Corporate communication policy

An open door policy (as related to the business and corporate fields) is a communication policy in which a manager leaves their office door "open" in order to encourage openness and transparency with the employees of that company. As the term implies, employees are encouraged to stop by whenever they feel the need to meet and ask questions, discuss suggestions, and address problems or concerns with management. An open door policy is typically intended to foster an environment of collaboration, high performance, and mutual respect between upper management and employees.

An open door policy means, literally, that every manager's door is open to every employee. The purpose of an open door policy is to encourage open communication, feedback, and discussion about any matter of importance to an employee.

== Benefits ==
Open door policies exist to encourage employees to offer suggestions and ideas, provide or solicit feedback, seek personal or professional counsel, or address concerns within the company. The policy establishes an environment of trust and mutual respect between the employer and employee. The practice is viewed as a morale booster by letting employees feel as if they are able to openly speak with their employer about issues face-to-face, rather than through e-mail or voicemail. In essence, an open door policy serves to empower employees, knowing that their voice is heard and issues are quickly addressed and resolved. Trust in the company tends to improve and grow, when employees understand that they are welcome to confide in senior management, when immediate supervisors are unavailable.

== Disadvantages ==
Open door policies tend to endorse the practice of bypassing the normal management structure, risking uninformed or suboptimal decisions that can also undermine line managers. While open door policies intend to encourage and instill a sense of transparency and openness, some employees hesitate to speak their mind or be honest, for fear of intimidation, criticism, and censure. Management personnel may tend to communicate the willingness to hear suggestions, while belittling the suggestions when unaccompanied by solutions.

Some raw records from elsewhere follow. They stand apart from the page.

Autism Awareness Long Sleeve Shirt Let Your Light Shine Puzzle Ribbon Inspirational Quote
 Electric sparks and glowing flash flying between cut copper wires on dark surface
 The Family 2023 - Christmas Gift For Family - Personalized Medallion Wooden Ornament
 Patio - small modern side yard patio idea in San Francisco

Open door policies have also been seen as a way for companies to discourage the formation of labor unions. Formal, written policies may encourage openness, however, the response received in attempts to engage are often seen as threats to the authority or management style of the individual working in a supervisory or management capacity. The policy, in essence, allows employees to forgo meeting with their immediate supervisors, choosing rather to engage in communication with their senior managers to discuss their employment or personal issues.

A process of open communication and transparency allows employees to bypass their supervisors to engage with senior management. This may inadvertently lead to tension and strife between employees and middle management. Supervisors may either see this as an implication that they are the primary issue of concern, or they may feel threatened, suspecting the employee of undermining them in an attempt to cause problems between them and senior management.

== Other uses ==
Government officials at the local, state, and federal level often implement an open door policy for the purpose of meeting with constituents. In Salt Lake City, mayor Ralph Becker maintains an open door policy every Wednesday to meet with residents one-on-one to discuss issues, concerns, and suggestions involving the city. The Democratic Caucus of Orange County, New York has maintained an open door policy for over ten years, where all individuals, regardless of political affiliation are welcome to attend the meeting. In 2011, in an effort to introduce a more open and transparent government, Governor Andrew Cuomo of New York extended an open door policy to members of the public. A lottery was introduced that allowed for 300 New Yorkers to visit Gracie Mansion following the inaugural festivities. The following week, for the first time in the history of the State of New York, a lottery was held to open the State of the State Address to additional members of the public.